The U.S. Cybersecurity and Infrastructure Security Agency (CISA) has disclosed that the network environment of an unnamed state government organization was compromised through an administrator account associated with a former employee.
“This allowed the threat actor to successfully authenticate to an internal virtual private network (VPN) access point,” the agency stated in a joint advisory published Thursday, in collaboration with the Multi-State Information Sharing and Analysis Center (MS-ISAC).
“The threat actor connected to the [virtual machine] through the victim’s VPN with the intent to blend in with legitimate traffic to evade detection.”
It is suspected that the threat actor acquired the credentials following a separate data breach, as the credentials were found in publicly available channels containing leaked account information.
The admin account, which had access to a virtualized SharePoint server, also allowed the attackers to access another set of credentials stored in the server, which had administrative privileges to both the on-premises network and the Azure Active Directory (formerly known as Microsoft Entra ID).
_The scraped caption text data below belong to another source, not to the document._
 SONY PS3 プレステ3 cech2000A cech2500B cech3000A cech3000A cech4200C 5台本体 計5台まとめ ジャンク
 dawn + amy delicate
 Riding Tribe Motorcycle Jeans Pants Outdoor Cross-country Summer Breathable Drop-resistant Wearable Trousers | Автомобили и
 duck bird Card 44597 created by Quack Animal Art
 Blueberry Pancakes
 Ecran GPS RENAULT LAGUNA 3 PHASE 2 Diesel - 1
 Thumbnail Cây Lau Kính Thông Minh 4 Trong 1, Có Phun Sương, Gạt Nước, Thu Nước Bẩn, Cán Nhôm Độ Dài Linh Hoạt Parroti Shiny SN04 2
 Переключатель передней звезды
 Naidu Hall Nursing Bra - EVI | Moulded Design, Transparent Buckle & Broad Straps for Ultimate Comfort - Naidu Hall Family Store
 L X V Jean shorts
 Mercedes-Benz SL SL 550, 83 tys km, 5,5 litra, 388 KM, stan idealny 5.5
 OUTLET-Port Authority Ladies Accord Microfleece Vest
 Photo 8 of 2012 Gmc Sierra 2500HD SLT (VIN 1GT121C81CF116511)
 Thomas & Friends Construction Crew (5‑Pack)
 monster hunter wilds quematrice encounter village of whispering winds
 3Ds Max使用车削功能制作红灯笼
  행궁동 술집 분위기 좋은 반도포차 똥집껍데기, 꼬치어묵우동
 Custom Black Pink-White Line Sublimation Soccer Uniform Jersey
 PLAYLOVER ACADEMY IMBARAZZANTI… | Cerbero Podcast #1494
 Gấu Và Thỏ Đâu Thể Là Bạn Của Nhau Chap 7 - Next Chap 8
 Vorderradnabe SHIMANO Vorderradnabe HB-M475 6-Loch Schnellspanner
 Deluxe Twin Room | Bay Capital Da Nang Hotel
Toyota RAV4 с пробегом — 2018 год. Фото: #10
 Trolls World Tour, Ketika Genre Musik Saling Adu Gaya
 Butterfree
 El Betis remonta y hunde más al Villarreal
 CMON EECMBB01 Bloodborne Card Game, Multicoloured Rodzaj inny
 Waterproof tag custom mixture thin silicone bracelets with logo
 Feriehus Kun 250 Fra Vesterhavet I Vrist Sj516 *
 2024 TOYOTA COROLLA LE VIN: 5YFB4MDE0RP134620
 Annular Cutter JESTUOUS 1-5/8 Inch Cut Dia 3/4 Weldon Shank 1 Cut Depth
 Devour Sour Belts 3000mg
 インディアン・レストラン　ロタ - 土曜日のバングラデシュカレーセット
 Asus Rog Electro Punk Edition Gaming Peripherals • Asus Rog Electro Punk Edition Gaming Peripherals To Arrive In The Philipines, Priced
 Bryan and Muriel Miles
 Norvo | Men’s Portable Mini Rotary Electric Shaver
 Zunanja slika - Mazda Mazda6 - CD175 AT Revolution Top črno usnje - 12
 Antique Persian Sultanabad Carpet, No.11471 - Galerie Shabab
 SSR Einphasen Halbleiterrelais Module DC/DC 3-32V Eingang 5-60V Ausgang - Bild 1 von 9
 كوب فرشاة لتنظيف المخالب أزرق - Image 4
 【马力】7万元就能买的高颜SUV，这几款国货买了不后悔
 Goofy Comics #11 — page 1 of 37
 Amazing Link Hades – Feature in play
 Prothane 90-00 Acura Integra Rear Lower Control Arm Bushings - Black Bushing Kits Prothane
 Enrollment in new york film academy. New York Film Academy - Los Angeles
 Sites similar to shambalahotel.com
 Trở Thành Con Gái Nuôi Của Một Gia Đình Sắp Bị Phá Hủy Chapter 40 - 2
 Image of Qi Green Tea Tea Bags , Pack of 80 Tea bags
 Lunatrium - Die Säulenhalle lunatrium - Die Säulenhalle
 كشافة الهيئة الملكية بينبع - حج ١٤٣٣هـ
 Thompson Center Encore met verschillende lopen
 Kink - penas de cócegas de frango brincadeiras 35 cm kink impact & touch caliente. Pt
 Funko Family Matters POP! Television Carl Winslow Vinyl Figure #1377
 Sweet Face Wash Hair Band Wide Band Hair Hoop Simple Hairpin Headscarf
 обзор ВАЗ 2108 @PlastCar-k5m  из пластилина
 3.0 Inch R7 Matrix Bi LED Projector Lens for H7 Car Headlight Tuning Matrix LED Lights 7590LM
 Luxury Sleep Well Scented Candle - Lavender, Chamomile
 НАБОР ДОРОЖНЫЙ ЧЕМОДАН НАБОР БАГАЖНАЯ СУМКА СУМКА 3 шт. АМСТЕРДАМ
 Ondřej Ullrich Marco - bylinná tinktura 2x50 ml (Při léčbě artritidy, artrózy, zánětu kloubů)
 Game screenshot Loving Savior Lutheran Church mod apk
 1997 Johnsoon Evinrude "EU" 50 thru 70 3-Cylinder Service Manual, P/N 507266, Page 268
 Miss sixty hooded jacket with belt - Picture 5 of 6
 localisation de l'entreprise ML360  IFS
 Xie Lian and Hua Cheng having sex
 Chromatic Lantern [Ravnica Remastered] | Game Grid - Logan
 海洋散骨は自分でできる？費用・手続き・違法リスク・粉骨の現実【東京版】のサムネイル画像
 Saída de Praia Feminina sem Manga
This further enabled them to explore the victim’s on-premises environment and execute various lightweight directory access protocol (LDAP) queries against a domain controller. The perpetrators behind the malicious activity are currently unidentified.
A thorough investigation into the incident has found no evidence that the adversary moved laterally from the on-premises environment to the Azure cloud infrastructure.
The attackers ultimately gained access to host and user information and posted the data on the dark web for potential financial gain, prompting the organization to reset passwords for all users, disable the administrator account, and revoke the elevated privileges for the second account.
It is noteworthy that neither of the two accounts had multi-factor authentication (MFA) enabled, emphasizing the importance of securing privileged accounts that provide access to critical systems. It is also recommended to implement the principle of least privilege and create separate administrator accounts to segregate access to on-premises and cloud environments.
The incident serves as a reminder that threat actors exploit valid accounts, including those of former employees that have not been properly removed from the Active Directory (AD), to gain unauthorized access to organizations.
“Unnecessary accounts, software, and services in the network create additional vectors for a threat actor to compromise,” the agencies stated.
“By default, in Azure AD all users can register and manage all aspects of applications they create. These default settings can enable a threat actor to access sensitive information and move laterally in the network. In addition, users who create an Azure AD automatically become the Global Administrator for that tenant. This could allow a threat actor to escalate privileges to execute malicious actions.”